- Opening Delimiter -
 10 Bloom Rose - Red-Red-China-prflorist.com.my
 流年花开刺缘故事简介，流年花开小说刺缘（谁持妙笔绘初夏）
- Closing Delimiter -
- Opening Delimiter -
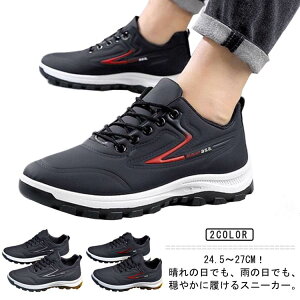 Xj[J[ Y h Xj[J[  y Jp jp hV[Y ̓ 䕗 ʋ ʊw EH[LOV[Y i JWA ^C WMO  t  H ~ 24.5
- Closing Delimiter -
[Exercise requirements]
Beginning with the line containing "10 Bloom Rose" and ending with the line containing "流年花开刺缘故事简介，流年花开小说刺缘（谁持妙笔绘初夏）", extract those lines exactly from the listing above, and only those.

[Result of the exercise]
 10 Bloom Rose - Red-Red-China-prflorist.com.my
 流年花开刺缘故事简介，流年花开小说刺缘（谁持妙笔绘初夏）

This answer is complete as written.